## Problem description:
Given the entries below, would you transcribe exactly the lines starting at the one with "The last 50" and ending at the one with "Plus, enjoy these", both kept, pictures omitted, nothing extra?
═════ Input records
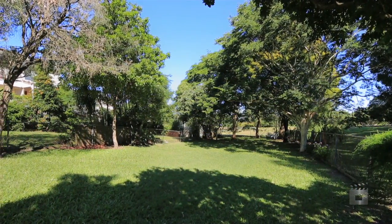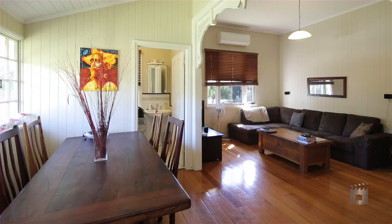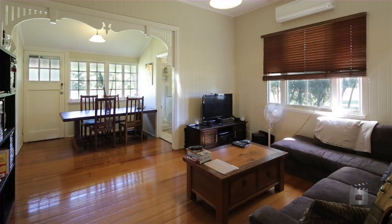Positioned on 642 square metres of inner city land with charm and potential. Perfect for young couples or singles looking for a character home in a vibrant Norman Park position.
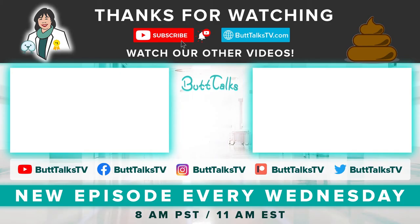If you liked our video, press the like button below. Comment on what you want to learn more about next. For more tips and tricks from Butt Talks, subscribe to our channel. Have a great poop day!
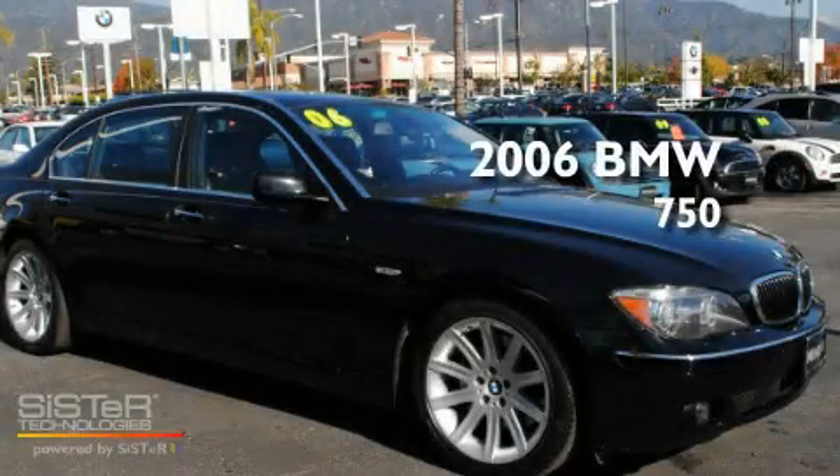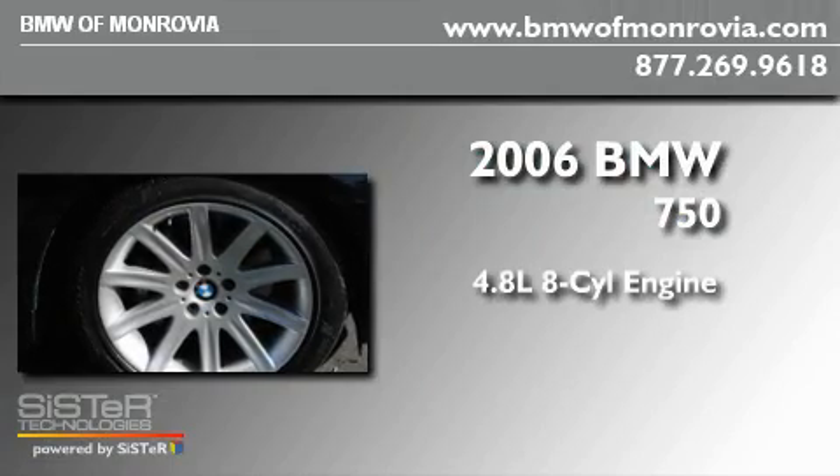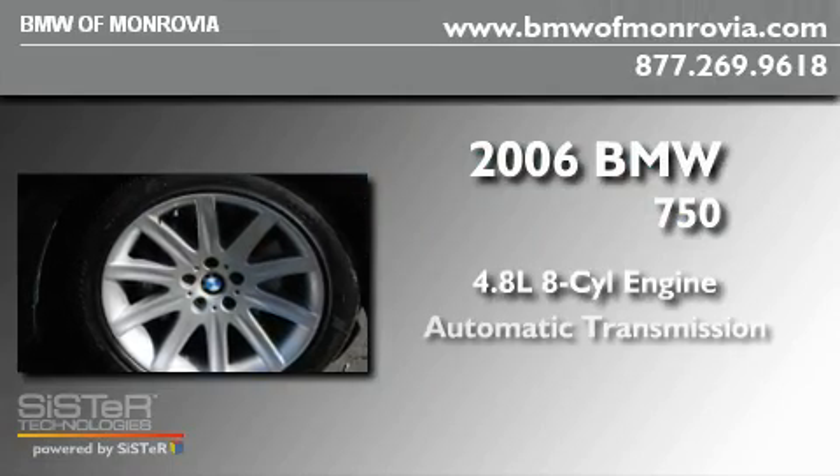This is a 2006 BMW 750. It has a 4.8-liter, eight-cylinder engine and an automatic transmission.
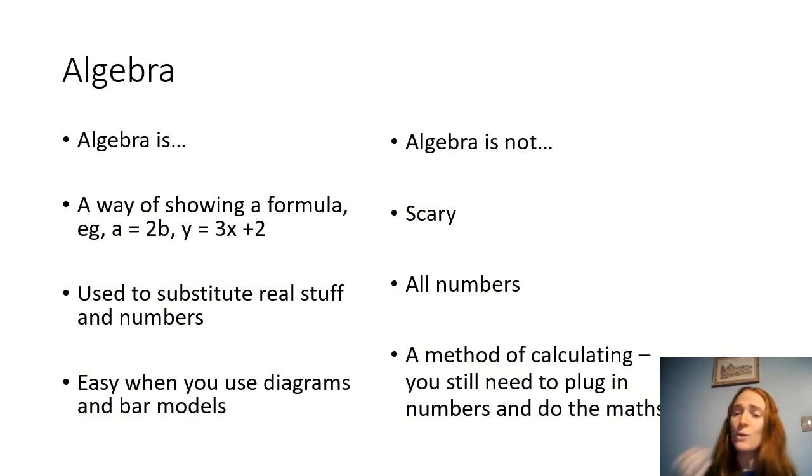Algebra is not scary, it is not all numbers, and it's not a method of calculating. You still need to plug in the numbers and do the maths — you still need to be able to do the addition, subtraction, multiplication, and division. Algebra is to do with maths, but it's about showing structure and patterns.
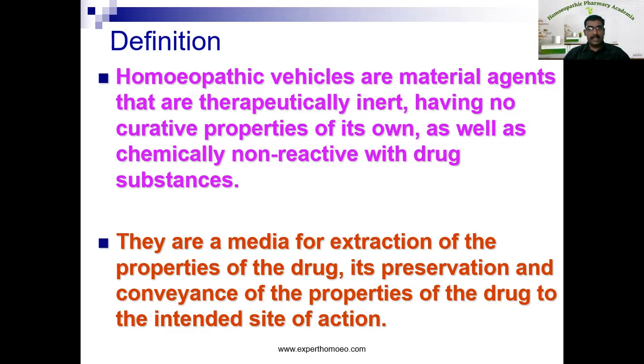They are the media for extraction of properties of the drug, its preservation, and conveyance of the dynamic property of the drug to the intended site of action. So that is the purpose or objective of vehicle in general — it is a media for extraction, also used as a preservative, and carries both physical as well as dynamic property of drug to the intended site of action.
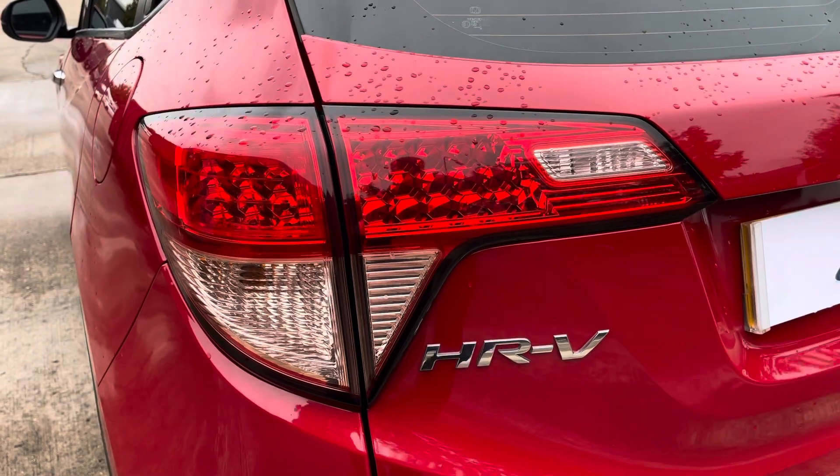For more information on this vehicle or to arrange a test drive, call us on 01270 864 430 or enquire online now.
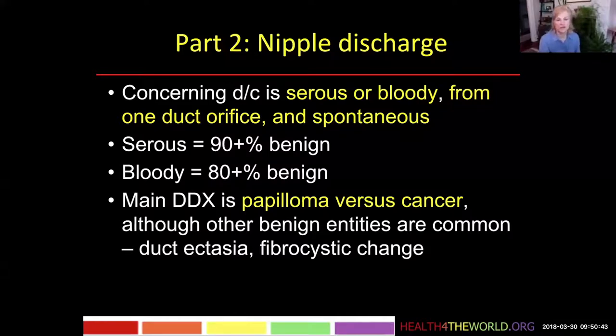The main differential diagnosis here is papilloma versus cancer. Most of these concerning discharges are caused by papillomas, but cancer can sometimes cause them. Among the benign things that will cause this kind of discharge is ductectasia and fibrocystic change.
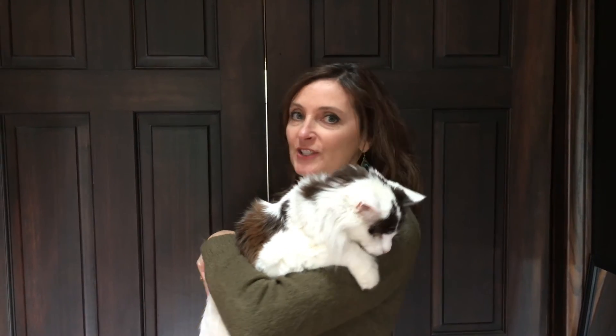Coco and I thank you for watching today. And if you have any real estate needs, make sure you click me up.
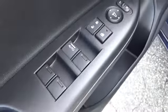Cruise control. Front wheel drive. Rear defrost. AM FM stereo radio. Auto off headlights. Child safety locks. Electronic stability control. Bucket seats.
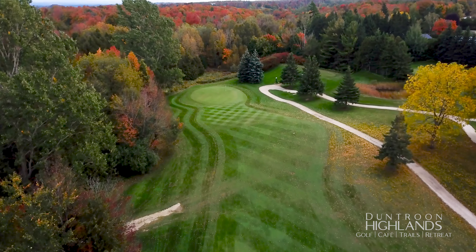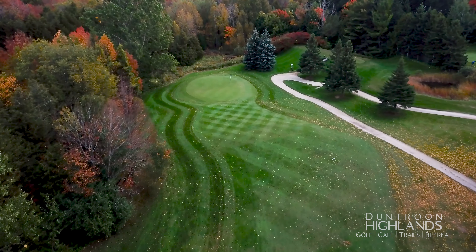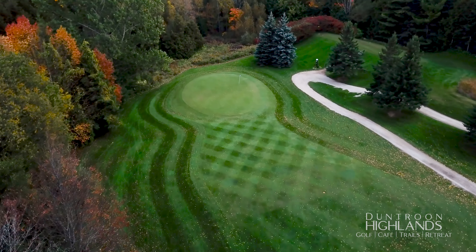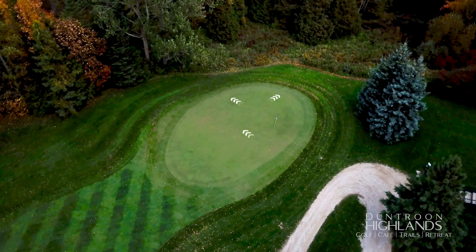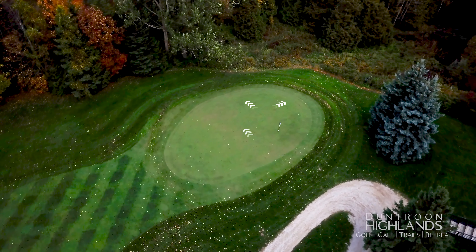The last 50 yards of the approach is downhill, allowing you to run it on from further back. When conditions are firm, shots landing short of the green have a tendency to run off the back. A gentle right-to-left break is predominant on this green.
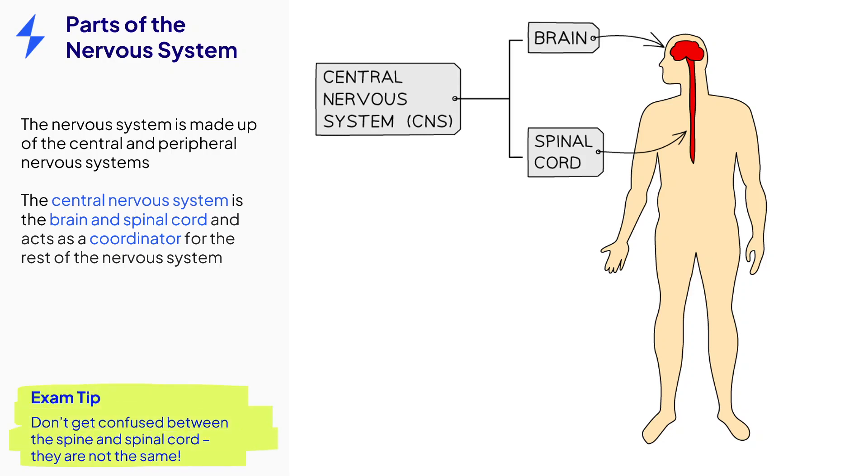Be careful not to confuse the spine and the spinal cord. The spine is made up of bones called vertebrae and is part of the skeletal system. The spinal cord is a ribbon of nerves that runs through these bones and is part of the central nervous system.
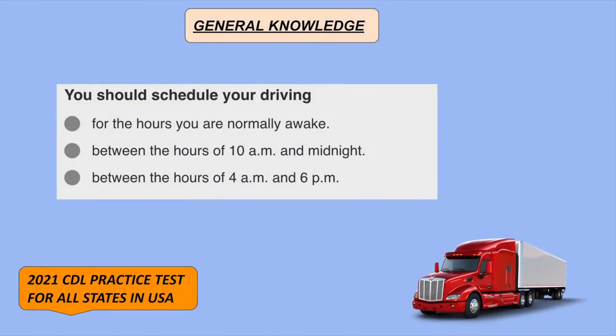You should schedule your driving machine for the hours you are normally awake.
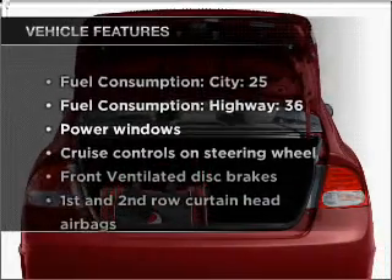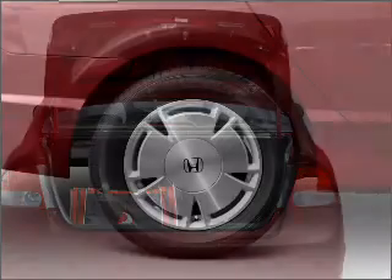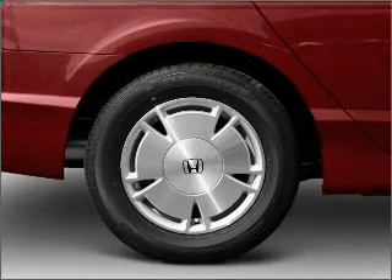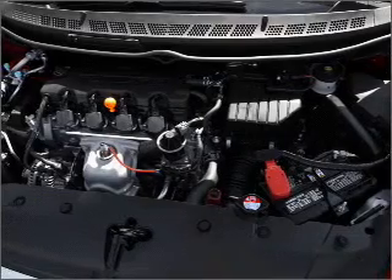Plus, enjoy these notable features that are included in this vehicle: air conditioning, power door locks, power windows, power steering, cruise control, power mirrors, an alarm system, and an AM-FM stereo with a CD player.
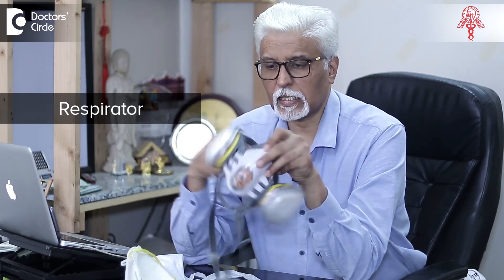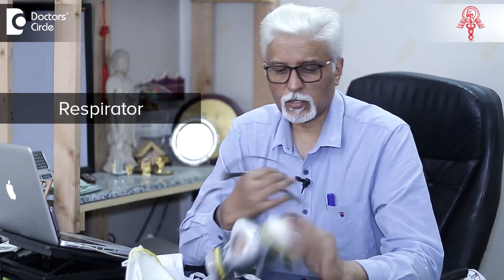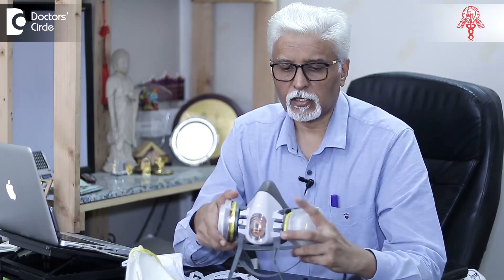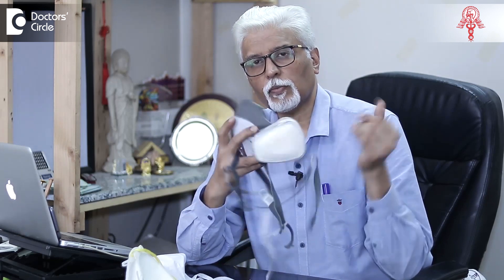This is a respirator which is basically an industrial respirator but it can be used in this situation. These are the filters which can be changed after they are used for a certain number of hours — more than 200 to 300 hours you can use this one filter. So make sure that you change them regularly. They are molded in such a way that they fit exactly on the face and prevent any infection going inside. So these are things that can be used in the fight against corona in preventing infection from spreading.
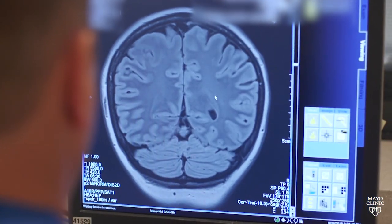The way to diagnose it is with an MRI of the brain, with and without the contrast dye.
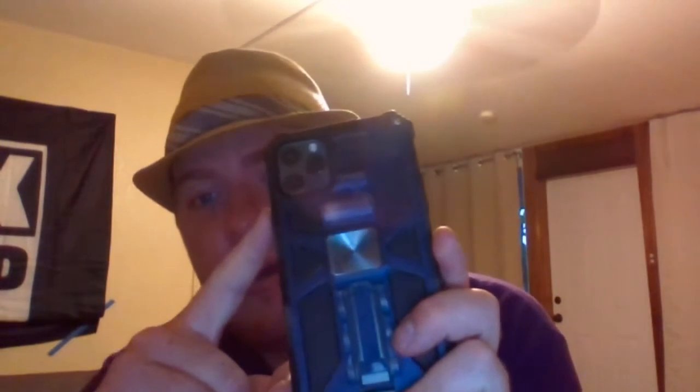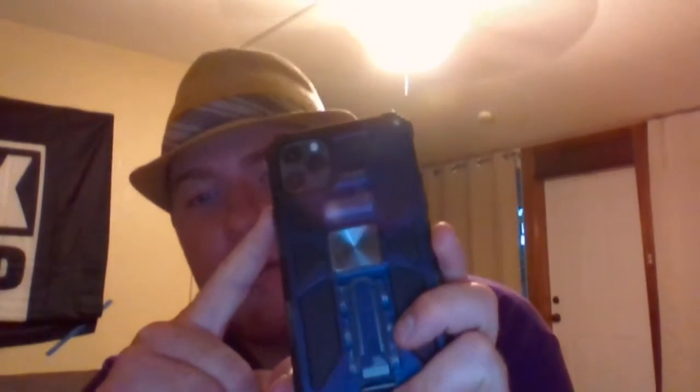The iPhone 13 Pro Max is still rumored to only have three cameras. One is the fisheye lens, which is really helpful. The next is the one to two times zoom, and then the last is the two times to ten times zoom.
══════════
## Exercise solution:
The last 50 yards of the approach is downhill, allowing you to run it on from further back. When conditions are firm, shots landing short of the green have a tendency to run off the back. A gentle right-to-left break is predominant on this green.
Be careful not to confuse the spine and the spinal cord. The spine is made up of bones called vertebrae and is part of the skeletal system. The spinal cord is a ribbon of nerves that runs through these bones and is part of the central nervous system.
You should schedule your driving machine for the hours you are normally awake.
Plus, enjoy these notable features that are included in this vehicle: air conditioning, power door locks, power windows, power steering, cruise control, power mirrors, an alarm system, and an AM-FM stereo with a CD player.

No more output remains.